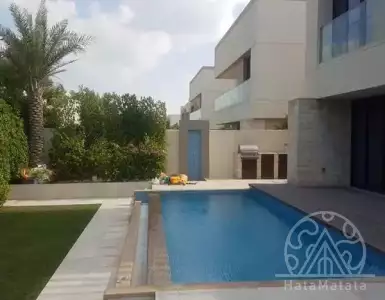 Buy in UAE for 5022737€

+===+

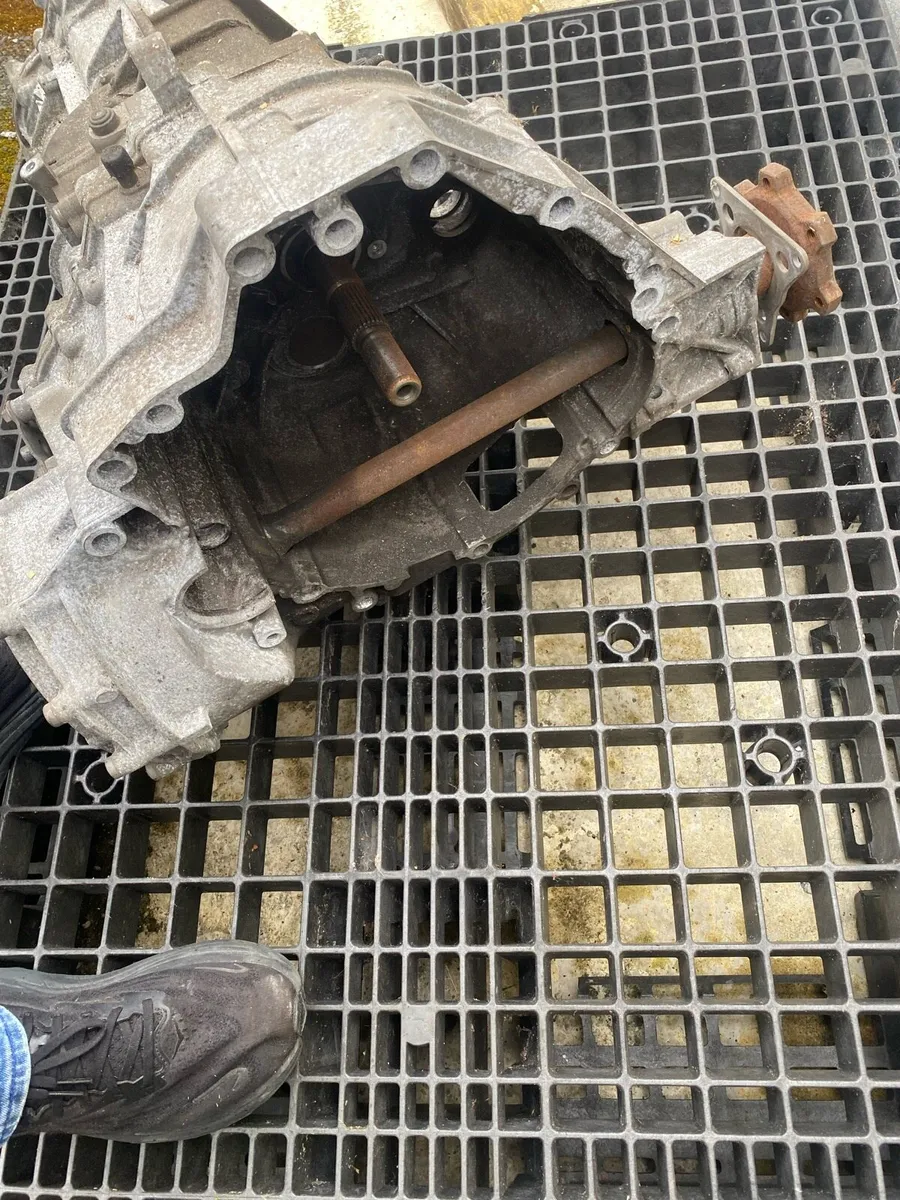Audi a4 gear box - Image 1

+===+

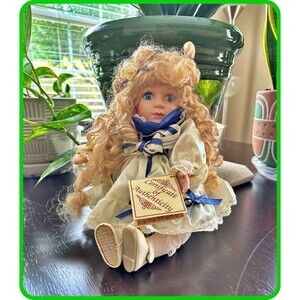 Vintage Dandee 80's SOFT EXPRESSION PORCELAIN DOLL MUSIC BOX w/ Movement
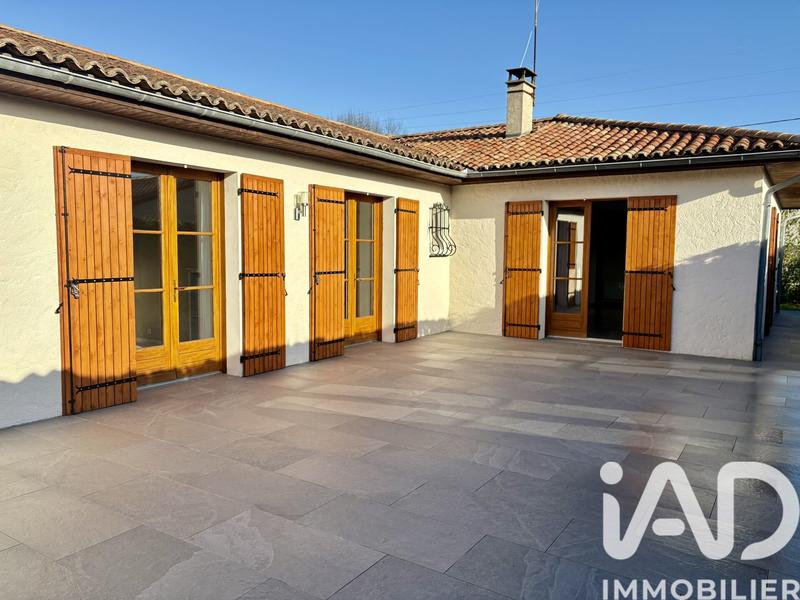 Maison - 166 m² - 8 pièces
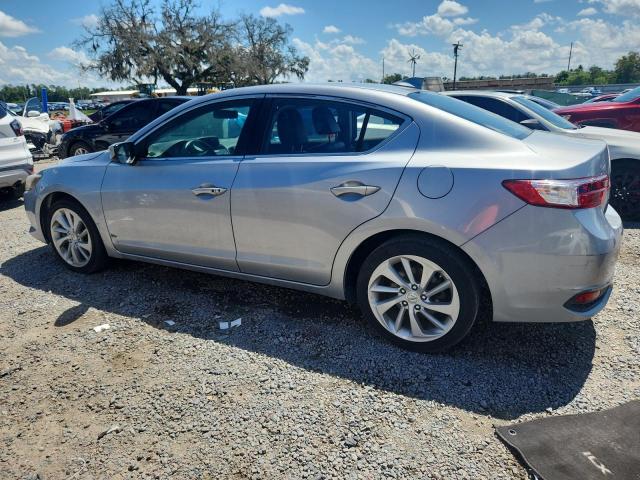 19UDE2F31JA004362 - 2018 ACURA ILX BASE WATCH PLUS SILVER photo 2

+===+

Problem details> Word for word, repeat the lines above from the one with "Vintage Dandee 80's" through the one with "19UDE2F31JA004362 - 2018", and nothing beyond them. Omit the pictures.

Exercise response>
 Vintage Dandee 80's SOFT EXPRESSION PORCELAIN DOLL MUSIC BOX w/ Movement
 Maison - 166 m² - 8 pièces
 19UDE2F31JA004362 - 2018 ACURA ILX BASE WATCH PLUS SILVER photo 2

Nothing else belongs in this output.